◆ TASK INSTRUCTIONS: Below are lines of data; restate word for word those running from the line containing "Подержанный автомобиль LADA" to the line containing "Hermes 에르메스 미니", inclusive, and no others.

◆ Short descriptive text snippets:
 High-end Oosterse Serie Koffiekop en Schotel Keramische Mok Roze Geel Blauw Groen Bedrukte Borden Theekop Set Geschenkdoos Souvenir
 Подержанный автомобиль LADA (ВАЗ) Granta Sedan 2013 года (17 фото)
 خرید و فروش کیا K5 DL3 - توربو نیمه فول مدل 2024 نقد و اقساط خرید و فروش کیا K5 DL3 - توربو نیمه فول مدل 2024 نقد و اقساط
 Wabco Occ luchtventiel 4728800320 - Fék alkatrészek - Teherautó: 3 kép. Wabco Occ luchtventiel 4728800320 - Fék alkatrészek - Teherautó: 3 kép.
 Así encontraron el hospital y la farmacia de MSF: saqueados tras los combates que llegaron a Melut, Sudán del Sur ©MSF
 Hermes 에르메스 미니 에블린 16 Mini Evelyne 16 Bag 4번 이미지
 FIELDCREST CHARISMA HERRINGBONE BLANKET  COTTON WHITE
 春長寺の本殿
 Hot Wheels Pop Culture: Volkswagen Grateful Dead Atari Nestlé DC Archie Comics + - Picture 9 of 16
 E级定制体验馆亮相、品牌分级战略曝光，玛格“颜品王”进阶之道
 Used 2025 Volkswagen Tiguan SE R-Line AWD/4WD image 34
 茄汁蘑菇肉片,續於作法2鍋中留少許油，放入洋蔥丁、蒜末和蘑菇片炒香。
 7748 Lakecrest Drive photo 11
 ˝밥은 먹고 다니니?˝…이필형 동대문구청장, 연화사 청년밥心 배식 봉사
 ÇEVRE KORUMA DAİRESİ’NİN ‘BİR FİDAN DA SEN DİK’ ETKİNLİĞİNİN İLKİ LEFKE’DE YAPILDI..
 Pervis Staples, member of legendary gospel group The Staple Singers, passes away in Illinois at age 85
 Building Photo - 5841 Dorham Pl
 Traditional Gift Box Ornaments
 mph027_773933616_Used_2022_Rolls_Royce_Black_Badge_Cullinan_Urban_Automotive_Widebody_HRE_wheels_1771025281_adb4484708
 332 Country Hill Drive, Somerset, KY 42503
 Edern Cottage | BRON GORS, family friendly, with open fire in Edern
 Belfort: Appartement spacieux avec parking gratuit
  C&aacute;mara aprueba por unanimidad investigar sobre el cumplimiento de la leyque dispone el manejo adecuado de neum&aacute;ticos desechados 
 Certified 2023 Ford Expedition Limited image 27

◆ WRITTEN SOLUTION:
 Подержанный автомобиль LADA (ВАЗ) Granta Sedan 2013 года (17 фото)
 خرید و فروش کیا K5 DL3 - توربو نیمه فول مدل 2024 نقد و اقساط خرید و فروش کیا K5 DL3 - توربو نیمه فول مدل 2024 نقد و اقساط
 Wabco Occ luchtventiel 4728800320 - Fék alkatrészek - Teherautó: 3 kép. Wabco Occ luchtventiel 4728800320 - Fék alkatrészek - Teherautó: 3 kép.
 Así encontraron el hospital y la farmacia de MSF: saqueados tras los combates que llegaron a Melut, Sudán del Sur ©MSF
 Hermes 에르메스 미니 에블린 16 Mini Evelyne 16 Bag 4번 이미지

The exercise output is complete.